Bitcoin vs. Gold: Which Offers Superior Hedging Potential in 2025?

As crypto’s popularity grows and government stances shift, investors are asking whether gold’s reign as the go-to hedge is under threat. Bitwise Asset Management’s European head of research, André Dragosch, says the picture is nuanced: gold and bitcoin serve different hedging functions, and both can play a role in 2025 portfolios.

Gold: The Classic Stock Hedge
Gold’s reputation as a “safe haven” remains intact. Historical data show that during equity sell-offs, investors flock to gold. Its long-term correlation with the S&P 500 hovers near zero, often turning negative during periods of market stress.

For instance, in 2022, gold gained roughly 5% while the S&P 500 fell nearly 20%. This illustrates why gold continues to protect portfolios during stock market turbulence.

Bitcoin: A Hedge Against Bond Market Stress
Bitcoin’s behavior differs. While it has struggled alongside equities in past sell-offs—falling over 60% in 2022 alongside tech stocks—its relationship with U.S. Treasuries is more compelling.

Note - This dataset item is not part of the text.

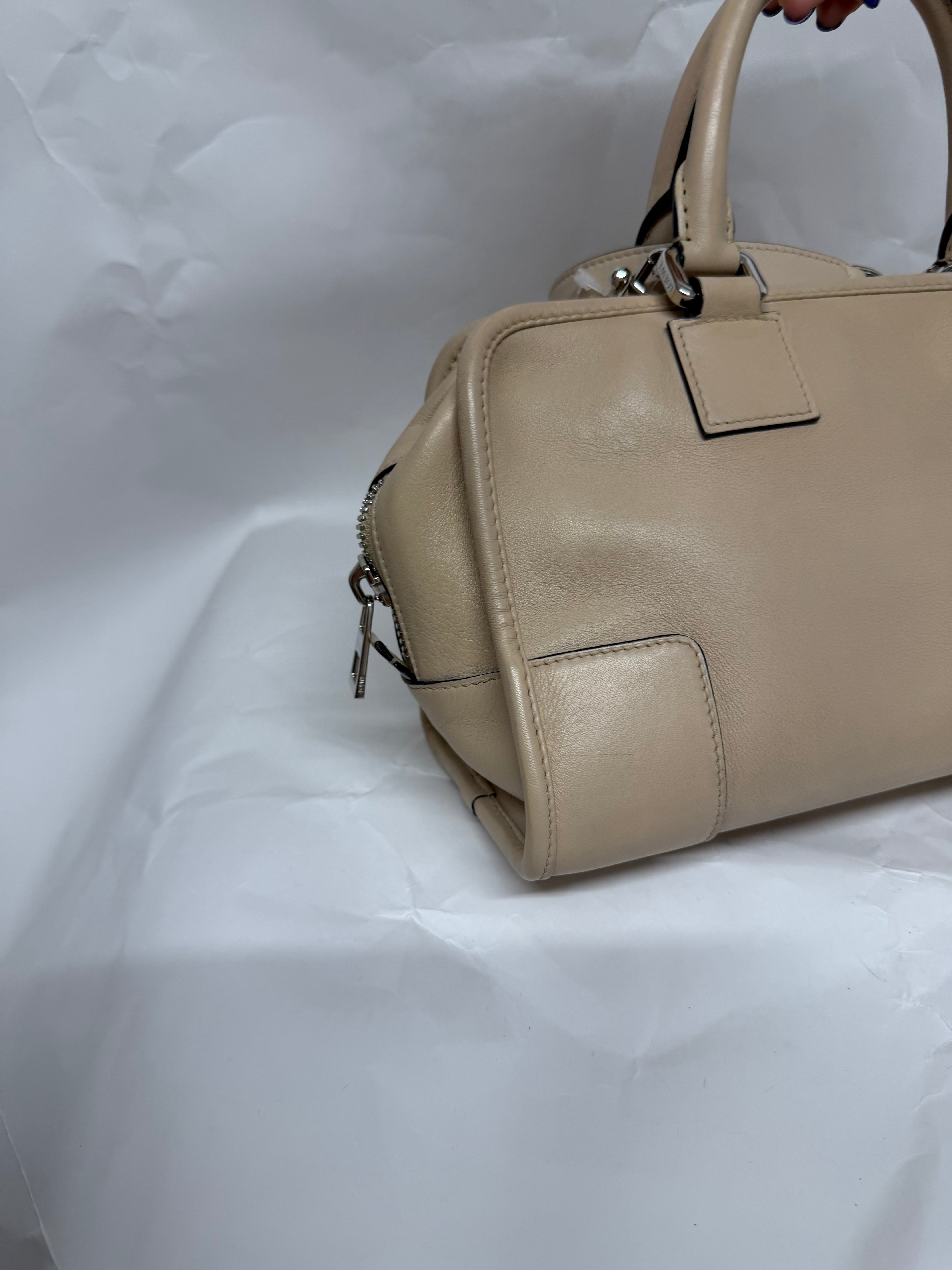 Loewe Amazona 28 beige arena con bandolera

Studies suggest bitcoin shows low, sometimes negative, correlation with government bonds. During periods of rising yields or bond market pressure, BTC has occasionally held its value better than gold. Dragosch argues this makes bitcoin a potential counterweight when bonds wobble under rate hikes or fiscal concerns.

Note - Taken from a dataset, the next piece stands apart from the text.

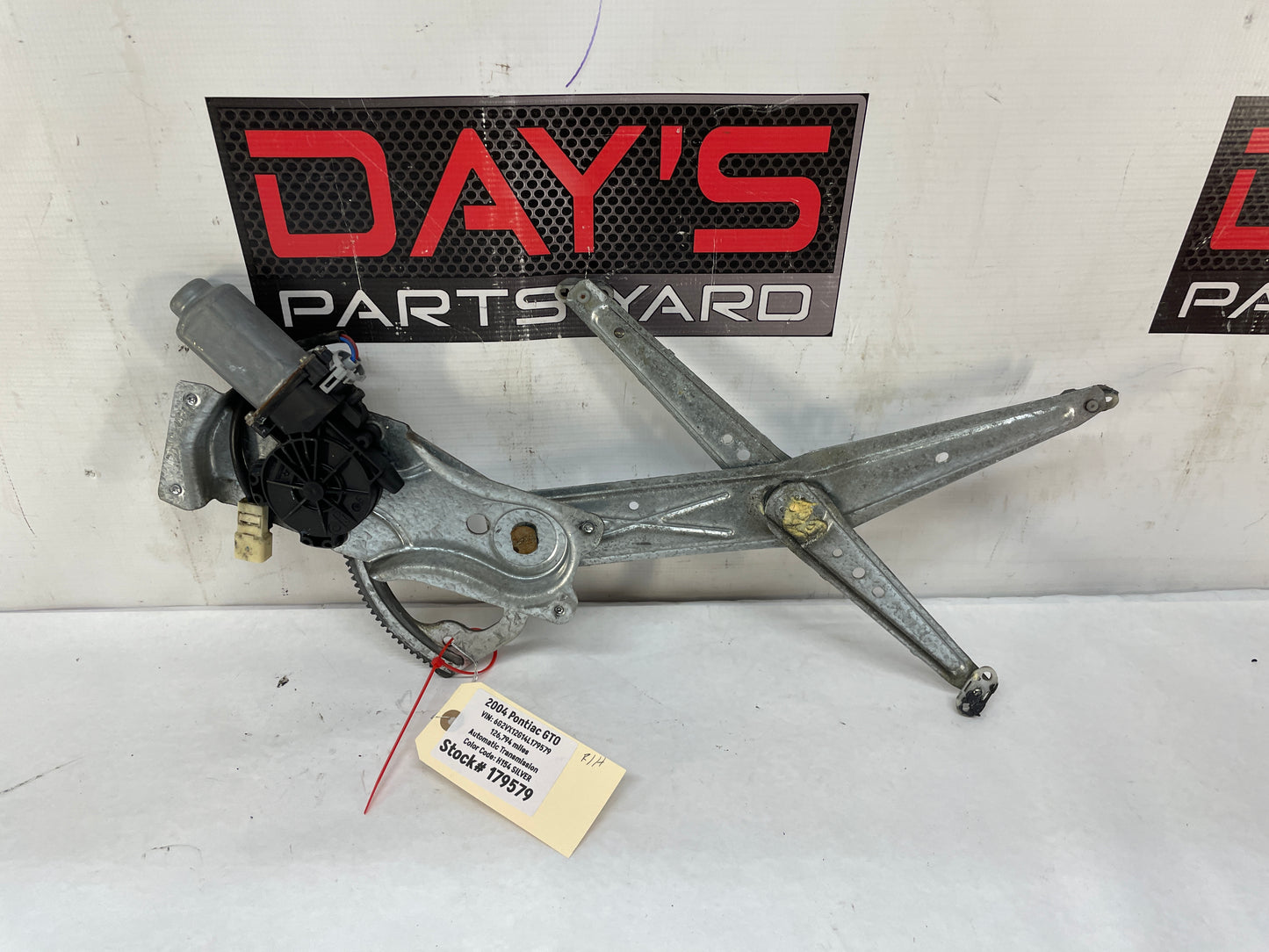 2004 Pontiac GTO RH Passenger Window Regulator w/ Motor OEM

Divergent Performance in 2025
So far this year, the pattern holds. Gold is up more than 30% year-to-date, reflecting demand during equity volatility driven by tariffs, slower growth, and geopolitical risk. Bitcoin has gained about 16.5%, performing solidly even as 10-year U.S. Treasury yields fell roughly 7.3%.

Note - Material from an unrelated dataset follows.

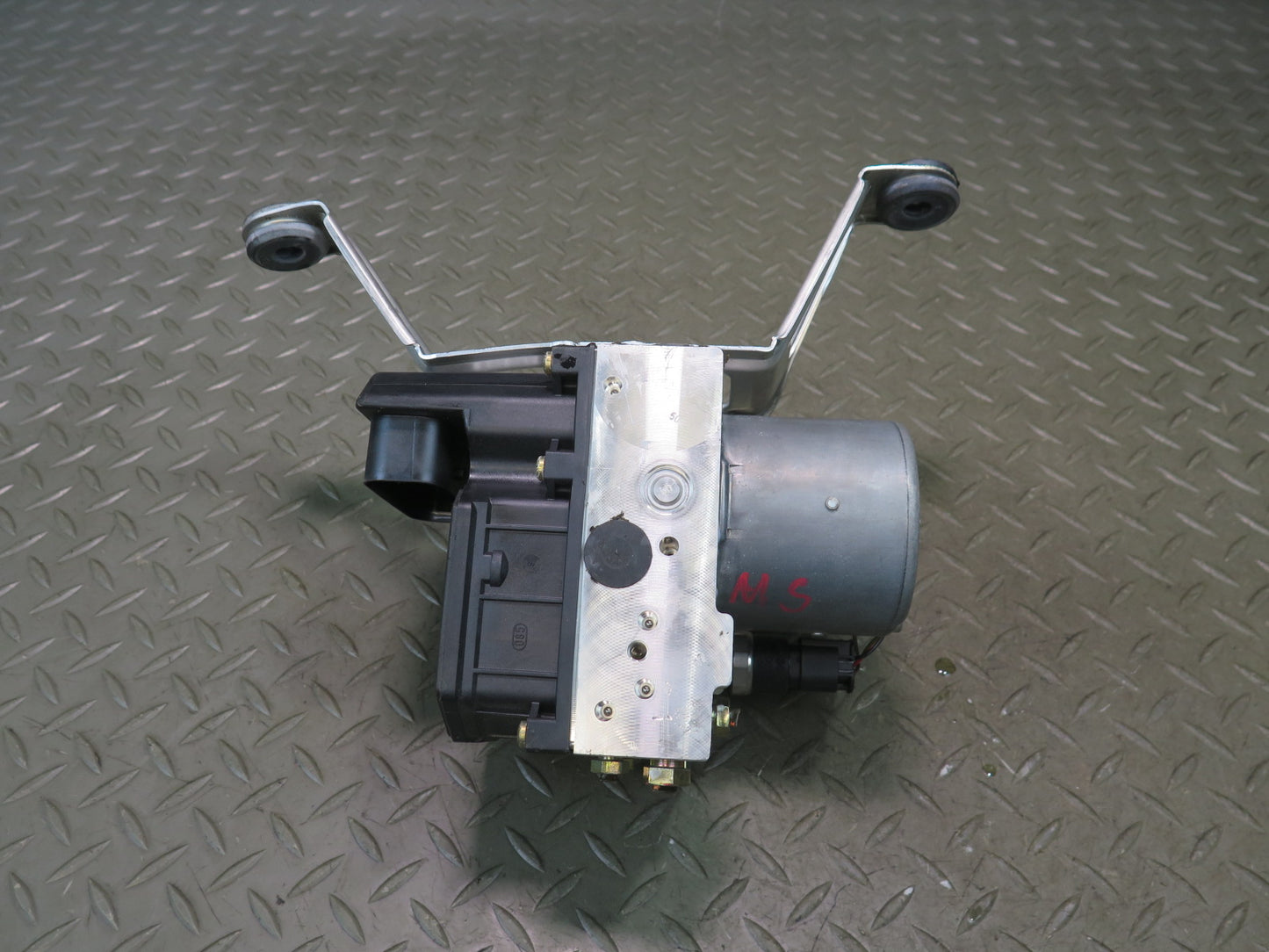2002-2004 Porsche 911 996 C4 AWD Anti Lock Brake ABS Pump Module 0265950042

By comparison, the S&P 500 is up around 10% in 2025. The divergence supports Dragosch’s rule-of-thumb: gold shines during stock market stress, while bitcoin may help hedge bond market exposure.

Why Both Assets Matter
Bitwise research underscores that holding both assets improves portfolio diversification and risk-adjusted returns. Gold remains reliable during stock market downturns, while bitcoin can capture upside during recoveries or bond market stress.

Caveats to the Strategy
Correlations aren’t fixed. Bitcoin’s growing institutional adoption via spot ETFs has made it behave more like a mainstream risk asset, reducing its “purity” as a bond hedge. Short-term shocks—regulatory surprises, liquidity squeezes, or macro volatility—can also move gold and bitcoin in tandem, limiting hedging effectiveness.

Dragosch’s conclusion is clear: gold is not obsolete. Investors don’t need to abandon it for bitcoin. Instead, understanding that the two assets hedge different risks—and strategically using both—may be the smartest approach in 2025.